Got it? Good, then answer this: Given this evidence, what is the probability that more people with high temperatures have appendicitis than do people with low temperatures? The answer is the same as this: what is the probability that more people whose corner stores have many lollipops have appendicitis than do people whose corner stores have few lollipops?
If these variables are in no way related to appendicitis, then the answer is obvious: any changes in the number of people with appendicitis is due to other factors (which we may or may not have measured). If we did see more people with appendicitis in the high lollipop (temperature) group, then this is just a coincidence. The probability is 50%
OK so far? Now let’s imagine we ran a standard (logistic) regression of temperature to predict appendicitis. The software would spit out a p-value for the classical hypothesis test with the “null” hypothesis that the parameter associated with temperature is 0. Which is to say, that temperature has no effect. Let’s imagine the p-value associated with this test is 0.003. What would a classical statistician do?
Yes, “reject” the hypothesis that the parameter associated with temperature is 0 and say, therefore, that it is non-zero. That is, he would conclude that temperature is associated with appendicitis. Very well. But our statistician at least wants to check the (subjective) Bayesian way and so computes the posterior probability distribution for the parameter.
He discovers that, given the model is correct and the data he saw, that the probability the parameter associated with temperature is greater than 0 is, say, 99.9%. Which is to say, he is pretty darn sure that temperature is positively associated with appendicitis: higher temperatures predict more appendicitis cases.
The statistician now rests. He should not. Here’s why.
Suppose we know with certainty a parameter in a logistic regression model has the value 0.000001. What is the probability that this parameter is greater than 0? Think carefully now. The answer should be obvious.
In all cases I have ever heard of, 0.000001 > 0. Therefore, the parameter is greater than zero. If this were so, the p-value we would get in any hypothesis test would show a value of 0. Now that’s significant!

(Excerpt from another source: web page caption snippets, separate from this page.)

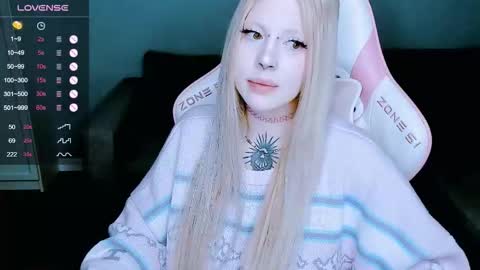 Snapshot of succubus_leslie chatting on 12.14.25 succubus_leslie online show from 12.14.25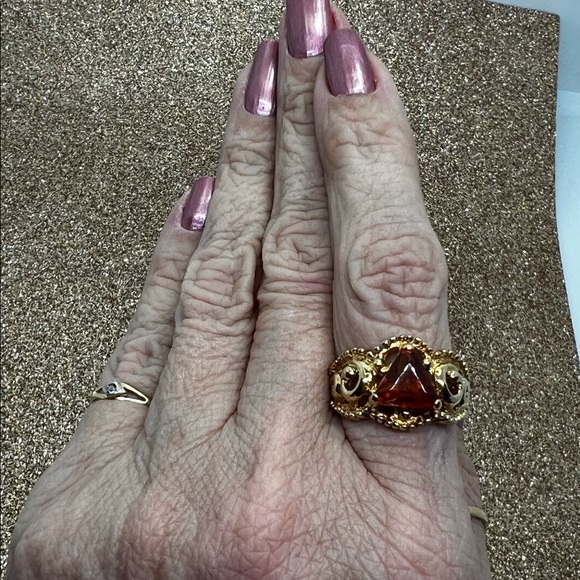 Vintage Lee Sands Triangular Amber Filigree Gold Hue Ring - Picture 8 of 8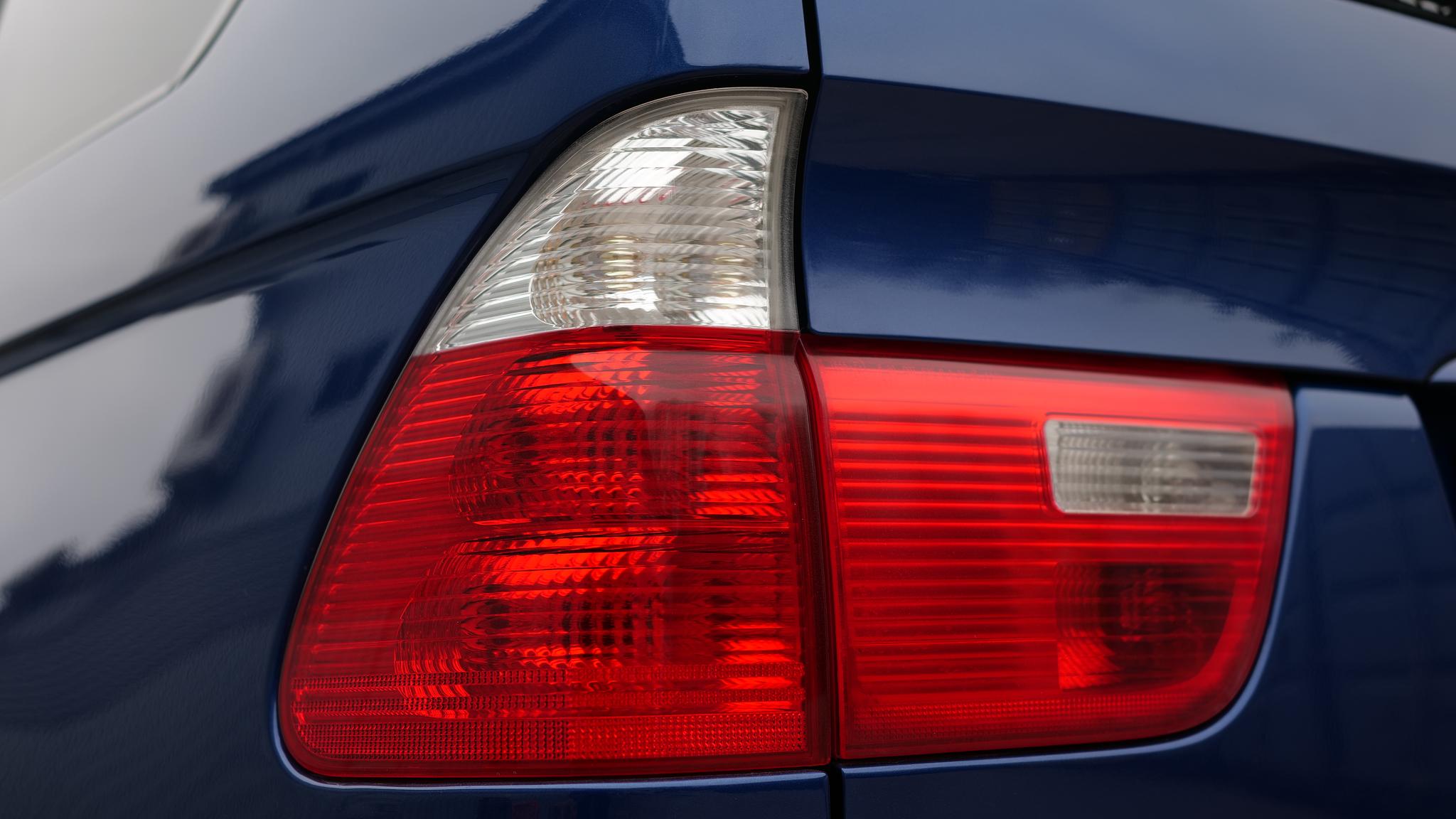 Exterior image of 2005 BMW X5 4,8IS (17)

The posterior probability would also show that the probability the parameter is greater than 0 is 100%. Thus, we could publish our paper that the variable associated with this parameter is “highly” statistical significant, even to Bayesians.
But none of these facts answer our main question: how does temperature affect appendicitis. That’s what we started wanting to know, and with the classical analysis we stop short of learning the complete answer. Sure, the temperature parameter’s value of 0.000001 is greater than 0, but it is so small as to be useless.
What we should be doing is calculating the probability that we see more (new) people with appendicitis and high temperatures than (new) people with appendicitis and low temperatures. We already agreed that if temperature had no effect, then this probability would be 50%.
If, then, after we fit our model (with the low p-values and the high posterior probabilities), we push ahead and compute the uncertainty in new observations and so discover that the probability we see more people with high temperatures and appendicitis is only 52%, what have we learned?
Well, that while temperature may formally be related to appendicitis, its predictive value is very low, and probably negligible. Knowing the value of a person’s temperature barely—ever so barely—changed our uncertainty in the values of new observables. It changed it so little that even though all classical measures say we should consider it, we really probably shouldn’t.
And that is the difference between the old and the new.
I’m in a terrible hurry today and know that I’ve explained this badly. I’ll try again another day.